Compiled reactions from the 1,286 respondents:
56% of internet experts agreed
9% challenged the prediction
18% did not respond
Whoever suggested that homeschooling would increase because of the Internet, has never stayed at home with a child. The Venn diagram of telework and home-schooling shows two circles entirely without connection. – Moira Gunn, Tech Nation
That’s already happened. It’s all work. Even shopping. – Douglas Rushkoff, author/New York University Interactive Telecommunications Program
I guess this will mean there is a reason for four-person families to be living in all these mini-mansions.
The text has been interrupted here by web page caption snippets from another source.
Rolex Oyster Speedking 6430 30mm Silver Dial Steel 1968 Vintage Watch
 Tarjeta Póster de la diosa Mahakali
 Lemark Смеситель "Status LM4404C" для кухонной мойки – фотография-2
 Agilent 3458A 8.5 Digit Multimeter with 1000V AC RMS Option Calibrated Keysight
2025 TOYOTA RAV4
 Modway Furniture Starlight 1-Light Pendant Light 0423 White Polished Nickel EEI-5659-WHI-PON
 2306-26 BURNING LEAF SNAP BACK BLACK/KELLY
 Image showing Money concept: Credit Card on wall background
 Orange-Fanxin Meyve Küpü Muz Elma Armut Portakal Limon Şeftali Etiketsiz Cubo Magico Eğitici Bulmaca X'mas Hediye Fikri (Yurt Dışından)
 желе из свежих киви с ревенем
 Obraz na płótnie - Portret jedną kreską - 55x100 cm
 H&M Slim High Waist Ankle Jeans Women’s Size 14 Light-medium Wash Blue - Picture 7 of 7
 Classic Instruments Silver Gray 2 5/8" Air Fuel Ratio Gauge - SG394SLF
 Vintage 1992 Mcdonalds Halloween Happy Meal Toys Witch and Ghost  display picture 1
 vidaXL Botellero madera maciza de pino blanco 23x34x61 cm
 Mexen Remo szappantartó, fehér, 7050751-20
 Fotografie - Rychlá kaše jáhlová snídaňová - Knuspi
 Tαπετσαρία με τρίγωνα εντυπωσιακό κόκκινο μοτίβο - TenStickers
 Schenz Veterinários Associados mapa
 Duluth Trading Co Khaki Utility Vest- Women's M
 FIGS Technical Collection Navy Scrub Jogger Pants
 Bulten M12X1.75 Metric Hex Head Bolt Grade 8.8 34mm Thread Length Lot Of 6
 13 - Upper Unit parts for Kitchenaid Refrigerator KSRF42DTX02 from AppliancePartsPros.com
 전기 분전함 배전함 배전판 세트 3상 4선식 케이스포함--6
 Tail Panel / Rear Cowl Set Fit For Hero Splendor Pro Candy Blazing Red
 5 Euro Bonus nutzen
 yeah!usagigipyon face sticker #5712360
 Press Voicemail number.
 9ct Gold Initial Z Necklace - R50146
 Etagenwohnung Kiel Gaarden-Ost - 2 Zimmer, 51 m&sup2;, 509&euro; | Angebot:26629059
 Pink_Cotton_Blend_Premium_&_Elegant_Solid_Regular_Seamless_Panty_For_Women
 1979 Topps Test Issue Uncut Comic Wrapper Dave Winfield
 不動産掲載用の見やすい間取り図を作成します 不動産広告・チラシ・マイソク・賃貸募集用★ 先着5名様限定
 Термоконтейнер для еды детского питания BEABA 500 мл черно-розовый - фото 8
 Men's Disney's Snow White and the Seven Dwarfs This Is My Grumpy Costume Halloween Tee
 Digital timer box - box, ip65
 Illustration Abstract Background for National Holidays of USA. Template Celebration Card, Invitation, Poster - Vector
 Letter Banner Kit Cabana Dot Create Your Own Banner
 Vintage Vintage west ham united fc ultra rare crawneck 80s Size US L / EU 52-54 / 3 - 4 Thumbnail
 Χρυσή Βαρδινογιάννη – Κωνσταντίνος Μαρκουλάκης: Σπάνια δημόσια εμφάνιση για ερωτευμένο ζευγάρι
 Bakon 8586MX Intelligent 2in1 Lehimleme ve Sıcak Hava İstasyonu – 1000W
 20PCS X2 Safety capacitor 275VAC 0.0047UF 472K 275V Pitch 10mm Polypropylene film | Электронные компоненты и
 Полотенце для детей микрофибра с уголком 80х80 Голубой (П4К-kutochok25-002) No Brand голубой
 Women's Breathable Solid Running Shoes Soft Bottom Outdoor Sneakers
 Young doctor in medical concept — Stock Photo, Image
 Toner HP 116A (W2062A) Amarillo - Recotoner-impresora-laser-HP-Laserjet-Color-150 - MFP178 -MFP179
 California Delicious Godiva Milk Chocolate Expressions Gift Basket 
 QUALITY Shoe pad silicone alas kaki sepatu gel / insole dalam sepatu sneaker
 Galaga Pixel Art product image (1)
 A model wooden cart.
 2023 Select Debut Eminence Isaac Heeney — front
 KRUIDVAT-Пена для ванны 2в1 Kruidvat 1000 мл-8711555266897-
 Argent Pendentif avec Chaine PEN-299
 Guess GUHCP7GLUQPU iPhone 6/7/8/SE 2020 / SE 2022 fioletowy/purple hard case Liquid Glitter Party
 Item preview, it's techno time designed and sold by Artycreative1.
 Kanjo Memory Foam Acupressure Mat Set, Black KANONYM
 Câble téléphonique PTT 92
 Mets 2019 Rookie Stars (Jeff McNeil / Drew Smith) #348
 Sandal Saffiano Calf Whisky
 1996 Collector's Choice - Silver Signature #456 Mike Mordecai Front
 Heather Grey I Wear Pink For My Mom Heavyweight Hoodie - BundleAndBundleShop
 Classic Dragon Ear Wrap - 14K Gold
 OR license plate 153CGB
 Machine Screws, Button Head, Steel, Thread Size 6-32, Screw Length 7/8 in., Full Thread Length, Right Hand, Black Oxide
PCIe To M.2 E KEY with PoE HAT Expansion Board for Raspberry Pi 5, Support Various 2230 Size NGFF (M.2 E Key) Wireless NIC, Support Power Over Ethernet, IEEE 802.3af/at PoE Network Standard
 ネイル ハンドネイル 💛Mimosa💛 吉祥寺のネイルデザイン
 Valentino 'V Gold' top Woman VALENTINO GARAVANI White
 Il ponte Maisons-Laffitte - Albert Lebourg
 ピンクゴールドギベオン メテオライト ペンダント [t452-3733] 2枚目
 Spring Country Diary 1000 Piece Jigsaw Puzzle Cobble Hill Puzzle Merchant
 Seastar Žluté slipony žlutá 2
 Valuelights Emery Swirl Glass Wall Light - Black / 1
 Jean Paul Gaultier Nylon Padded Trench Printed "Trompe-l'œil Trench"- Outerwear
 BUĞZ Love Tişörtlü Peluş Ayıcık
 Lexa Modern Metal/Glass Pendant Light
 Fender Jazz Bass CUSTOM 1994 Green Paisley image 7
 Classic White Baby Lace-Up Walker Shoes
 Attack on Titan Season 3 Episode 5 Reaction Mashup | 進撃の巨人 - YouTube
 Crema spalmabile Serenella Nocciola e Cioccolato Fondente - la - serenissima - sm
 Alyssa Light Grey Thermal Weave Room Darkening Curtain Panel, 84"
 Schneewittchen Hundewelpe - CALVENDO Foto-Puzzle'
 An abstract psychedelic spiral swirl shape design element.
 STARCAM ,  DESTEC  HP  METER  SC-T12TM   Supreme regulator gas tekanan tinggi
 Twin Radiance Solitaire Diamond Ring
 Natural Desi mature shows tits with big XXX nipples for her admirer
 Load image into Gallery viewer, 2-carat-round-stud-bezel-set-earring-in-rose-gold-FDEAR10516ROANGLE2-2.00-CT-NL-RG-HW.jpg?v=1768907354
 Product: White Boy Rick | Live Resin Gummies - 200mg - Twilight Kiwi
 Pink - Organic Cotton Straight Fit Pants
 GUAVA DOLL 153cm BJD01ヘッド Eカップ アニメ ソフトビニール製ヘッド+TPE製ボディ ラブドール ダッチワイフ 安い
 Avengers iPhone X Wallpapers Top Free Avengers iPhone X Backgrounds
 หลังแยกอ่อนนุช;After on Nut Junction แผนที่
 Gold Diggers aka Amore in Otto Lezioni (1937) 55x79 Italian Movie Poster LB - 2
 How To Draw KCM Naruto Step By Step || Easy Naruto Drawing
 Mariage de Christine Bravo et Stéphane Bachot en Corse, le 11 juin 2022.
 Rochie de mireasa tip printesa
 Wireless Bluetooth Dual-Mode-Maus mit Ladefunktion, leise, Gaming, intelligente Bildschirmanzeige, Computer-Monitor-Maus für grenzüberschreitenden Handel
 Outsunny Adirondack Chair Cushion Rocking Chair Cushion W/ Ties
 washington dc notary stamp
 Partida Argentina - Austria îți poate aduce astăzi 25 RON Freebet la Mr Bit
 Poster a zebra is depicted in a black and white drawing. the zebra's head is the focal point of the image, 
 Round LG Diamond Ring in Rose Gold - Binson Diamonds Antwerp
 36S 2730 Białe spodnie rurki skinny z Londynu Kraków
By 2014, they will need the space so they won’t kill each other! – Clare De Cleene, Administrative Office of the U.S. Courts
[It] already is [altering everyday family dynamics], as Wellman and NetLab expect to find in their current Connected Lives study. – Barry Wellman, University of Toronto
I would not be surprised to see a backlash as family dynamics suffer from the “on, all-the-time, syndrome.” – Jan Schaffer, J-Lab: The Institute for Interactive Journalism
I would revise and specify this prediction: By 2014, as convenience computing brings the internet into more moments and arenas of everyday life, the boundaries between work and leisure will diminish significantly. This will increase the power of corporate interests in determining how people frame the public and private arenas. This will also cause an overall increase in levels of stress and fatigue in the general workforce. – A. Markham, University of the Virgin Islands (previously University of Chicago)
Some of this is already happening: many workers now are “on duty” 24/7 – responding to emails, alerts, blackberries, and cell phones, no matter where they may be. For the office, this may increase productivity. For the home and family, this adds to stress and strain. But that is because, today, this “extra” duty usually comes on top of a regular 40-to-50-hour stint in the office. In the future, it will be possible for people to do their work from home, from the beach, from the back yard – and it will be theoretically possible to enhance home and family that way. Again, it’s not the technology that will decide this; it is our institutions and their rules. – Gary Bachula, Internet2
I believe people will learn to understand how their different identities – (home, work, others) are represented online and new tools will be developed to help people maintain healthy boundaries around work and leisure to maximize health. – Liz Rykert, Meta Strategies Inc.
I could not more strongly agree. I think that we are already seeing that the greatest change that the internet enables is a fluidity of task over space. There is a tradition in many professions (including my own) of flexible workdays and places. I suspect that this flexibility will increasingly affect all forms of knowledge work, and this will be felt most acutely in our social and familial organization. – A. Halavais, State University of New York at Buffalo
I see it in my family every day. Sure, it is anecdotal evidence, but it is powerful. – David Tewksbury, University of Illinois at Urbana-Champaign
What we need to go along with this trend is a new definition of quality work – judged by outcome, not by time. Education needs a similar redefinition. – Christine Geith, Michigan State University
The boundaries between work and leisure will continue to diminish, but I don’t think they will change much more from where they are today. Most employers will want most employees on site most of the time. – Jonathan Band, partner, Morrison & Foerster LLP (law firm)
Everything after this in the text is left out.